Agile Forest

Find your path to agility with Renee Troughton

I had a considerable amount of trepidation when reading this book by W. Chan Kim and Renée Mauborgne. The title itself is ellusive and doesn’t lead the reader to understand the value that it might have for them. The subline is a bit more useful “How to Create Uncontested Market Space to Make the Competition Irrelevant”. A better byline would have been “Major differentiation through innovation”. You see, you will never make the market uncontested permanently. In today’s day and age competition is quick to catch up, maybe that wasn’t the case 7 years ago when this book was initially written.

I put what I had heard of this book aside and read it. Surprisingly for me, I enjoyed most of it. The first four chapters are what I would consider a must read for any manager, leader or product owner. Why? Because it fills a niche where there is a hole – how to create a differentiating and innovative business strategy for your products. It won’t guarantee that your strategy works. It won’t really help you execute your strategy either, but it is a sensible thought process for where strategic ideas could be lurking.

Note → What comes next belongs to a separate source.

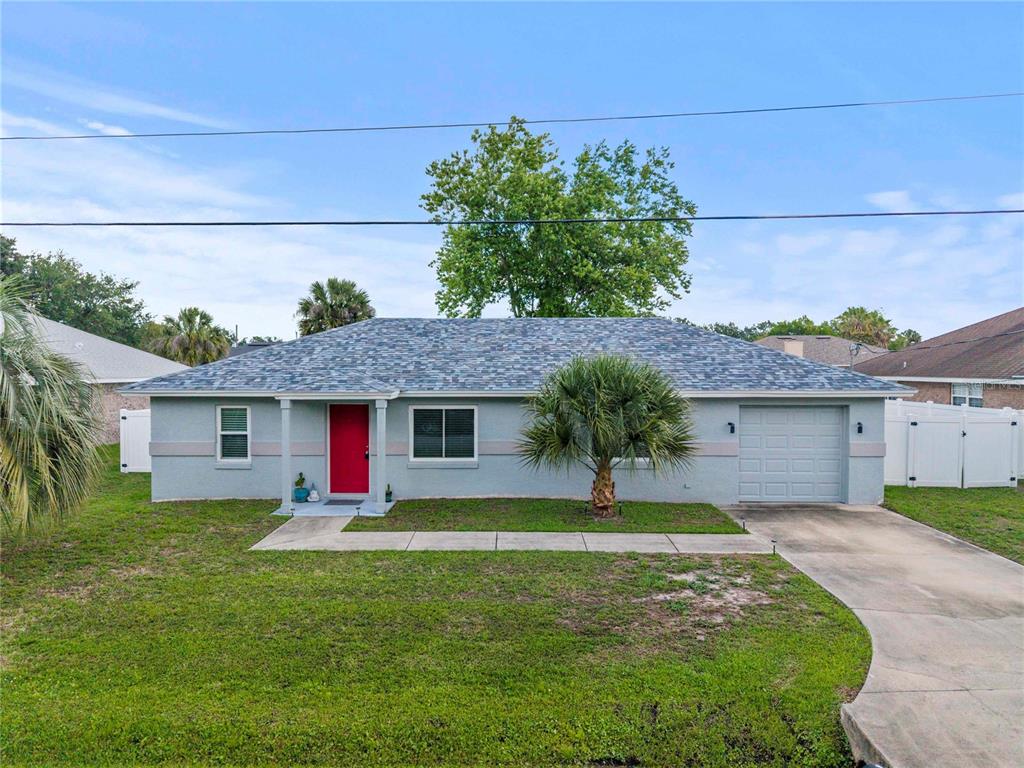 A single-story house with a gray exterior, a red front door, and a one-car garage — 9 BILTWELL PLACE, PALM COAST, FL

When I had finished reading Lean Startups for the first time my immediate thought after “this sounds like a great way to execute an idea” was “what idea should I execute?” This book gives you the tools to be able to seek such an idea within yourself. Blue Ocean Strategy is the Yin to Lean Startup’s Yang. Similar, but different. Each valuable, but together a powder keg.

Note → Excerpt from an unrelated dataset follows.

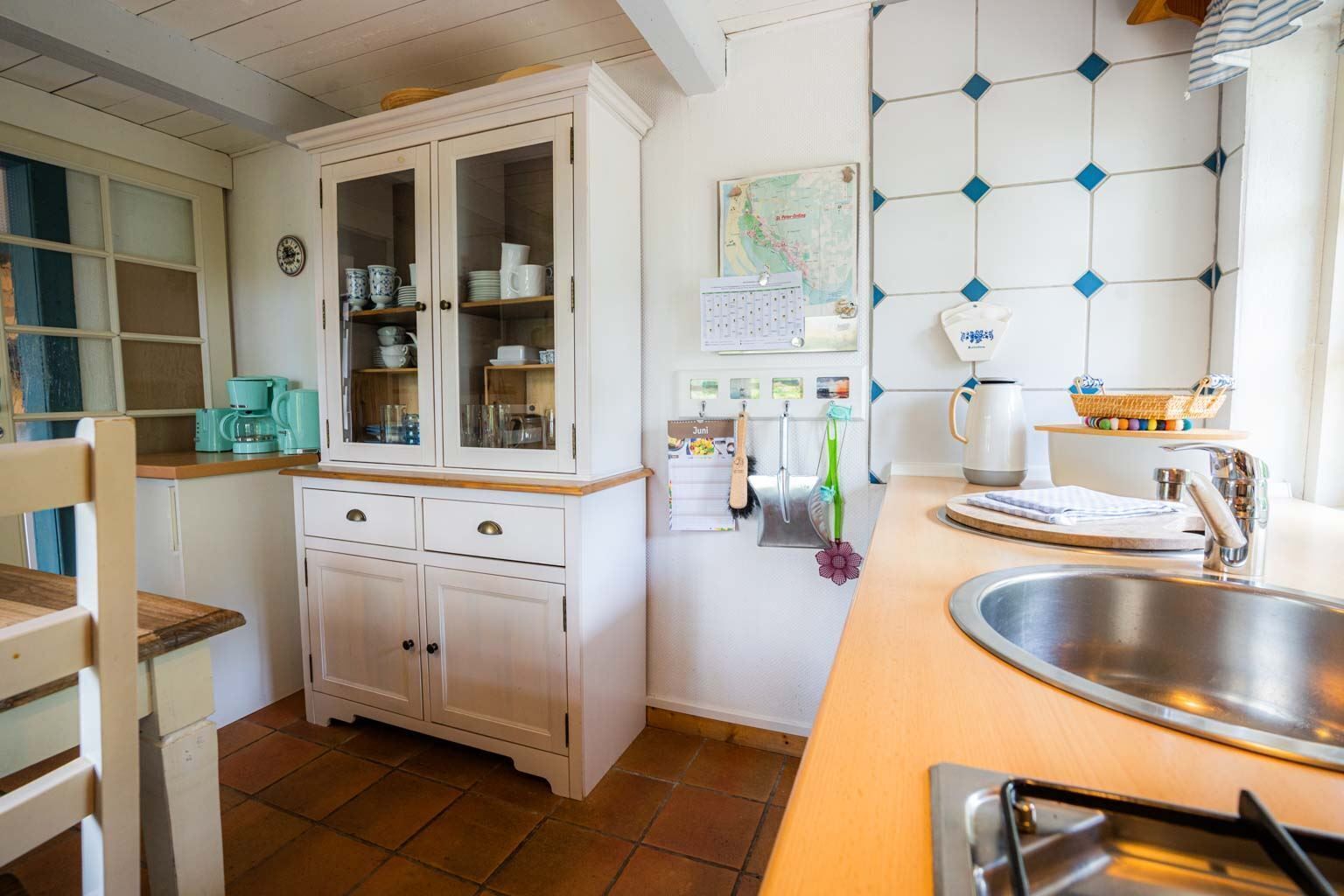 A kitchen with white cabinets, a sink, a coffee maker, and a calendar on the wall.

So what is it exactly? Well despite what the authors will tell you, it is a strategy set of practices based upon a theory presented by the authors. The theory they have surmised after analysing numerous companies is that the only thing that makes a company successful is major differentiation through innovation (my words not theirs). All too often organisations spend an inordinate amount of time and money on catching up with other competitors or trying the win customers from the same pool. Blue Oceans (or as I like to call it innovative marketspaces) are about finding a new set of customers by differentiating in the market at a more macro rather than micro layer.

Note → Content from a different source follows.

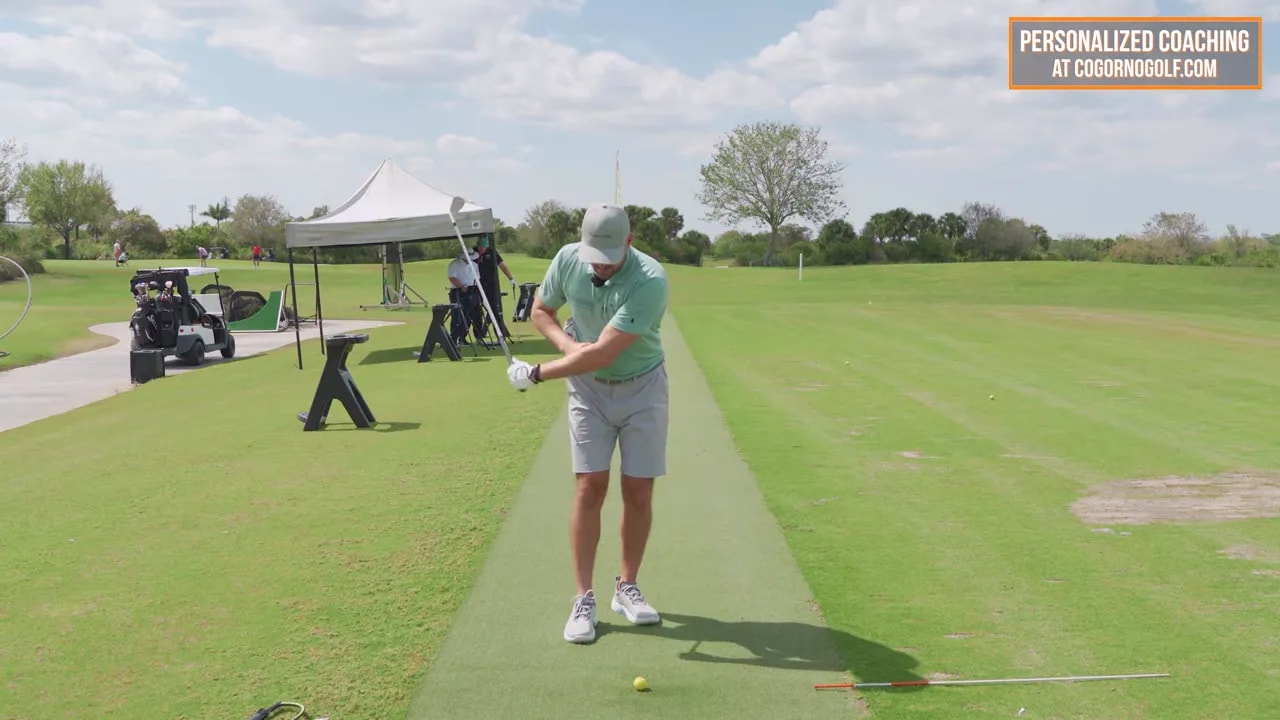 Frontal view of the instructor rotating through impact with the lead arm and club visible to demonstrate glove alignment and rotation.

The book sets this up through a huge number of examples that clearly present their case. One of the key tools they use is a simple graph that anyone can use to describe their product and their product differentiating characteristics. Below is an generic example of such a graph. 

It should come as no surprise that Kim and Mauborgne are recommending finding out as much about your customer is imperative. But also that you should find out about all those people that are not your customers and why. By asking such questions you may gain insight and be able to differentiate to create a new customer segment. Their key suggestions for identifying innovative differentiation are:

  1. Identify cross industry opportunities
  2. Identify intra segment/industry opportunities
  3. Identify non familiar buyer potential
  4. Identify complimentary packaging opportunities
  5. Identify emotional appeal opportunities (Buyology does a better and more accurate job of describing how to do this)
  6. Exploit trends

Sounds sensible right? But real insight generally is sensible like this and they give excellent examples throughout to back it up. Most of the examples succeeded not because they used this strategy, and it should be noted that they have given no proof to their work nor were they able to recognise the success rate of innovation.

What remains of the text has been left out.